STORED DATA:
============================================================
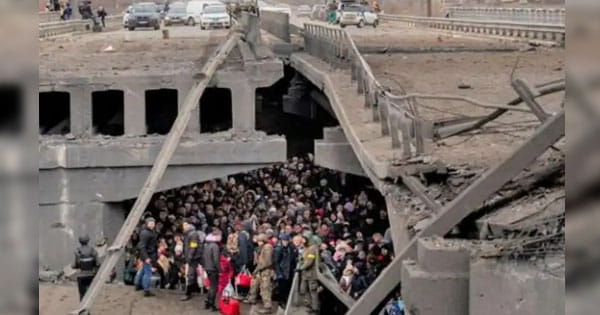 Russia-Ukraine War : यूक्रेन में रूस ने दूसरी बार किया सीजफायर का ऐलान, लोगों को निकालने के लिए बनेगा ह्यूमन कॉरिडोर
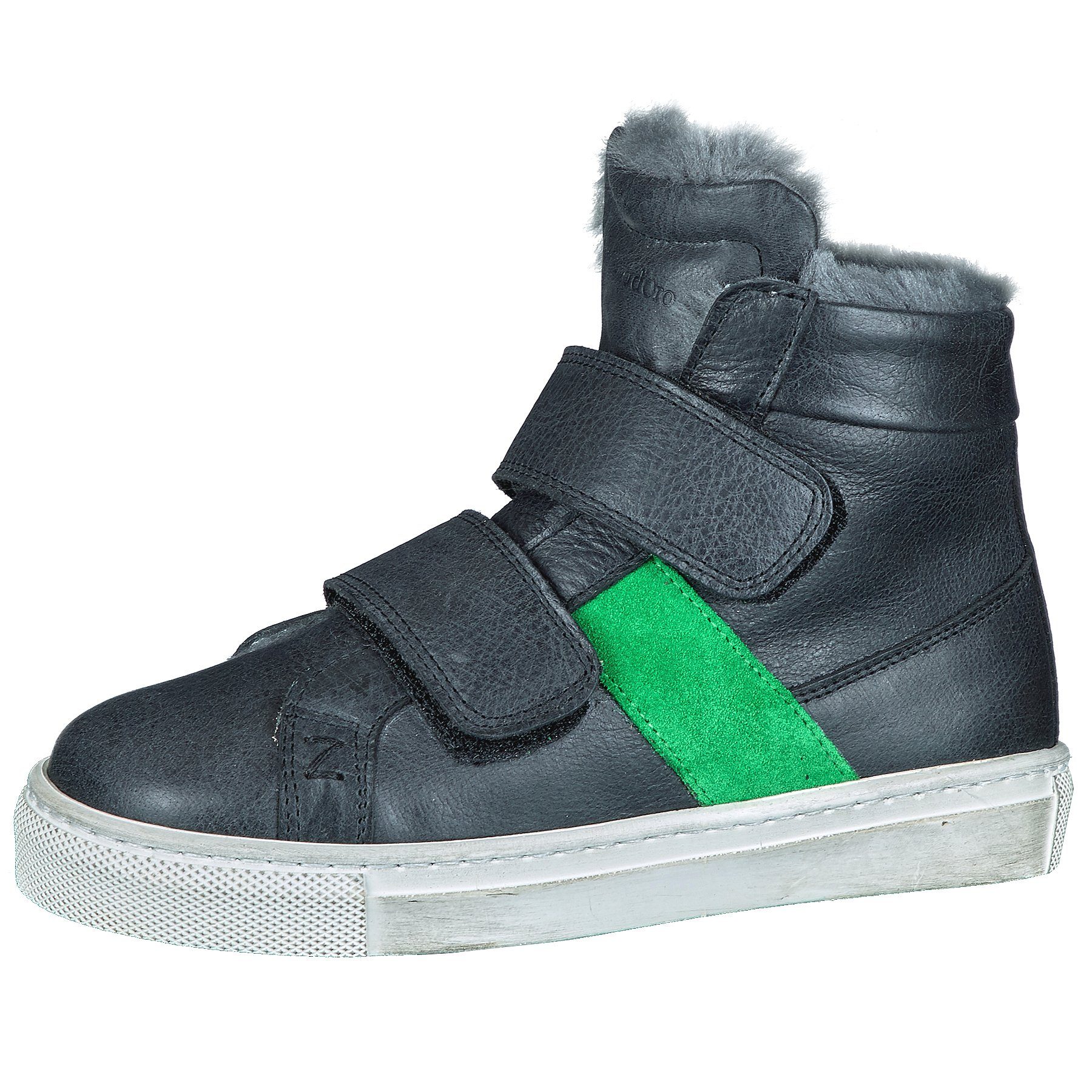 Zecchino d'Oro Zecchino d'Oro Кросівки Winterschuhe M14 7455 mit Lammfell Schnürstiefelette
============================================================
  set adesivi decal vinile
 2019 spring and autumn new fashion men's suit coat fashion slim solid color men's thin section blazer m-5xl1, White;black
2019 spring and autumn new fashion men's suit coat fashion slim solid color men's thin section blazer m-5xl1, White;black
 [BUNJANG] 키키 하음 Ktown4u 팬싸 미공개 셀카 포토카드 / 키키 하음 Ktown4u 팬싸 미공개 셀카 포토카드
============================================================
DESCRIPTION OF THE TASK:
Output exactly one stretch of the listing: from the line containing "set adesivi decal vinile" through the line containing "[BUNJANG] 키키 하음", both end lines included.

SOLUTION TO THE EXERCISE:
  set adesivi decal vinile
 2019 spring and autumn new fashion men's suit coat fashion slim solid color men's thin section blazer m-5xl1, White;black
2019 spring and autumn new fashion men's suit coat fashion slim solid color men's thin section blazer m-5xl1, White;black
 [BUNJANG] 키키 하음 Ktown4u 팬싸 미공개 셀카 포토카드 / 키키 하음 Ktown4u 팬싸 미공개 셀카 포토카드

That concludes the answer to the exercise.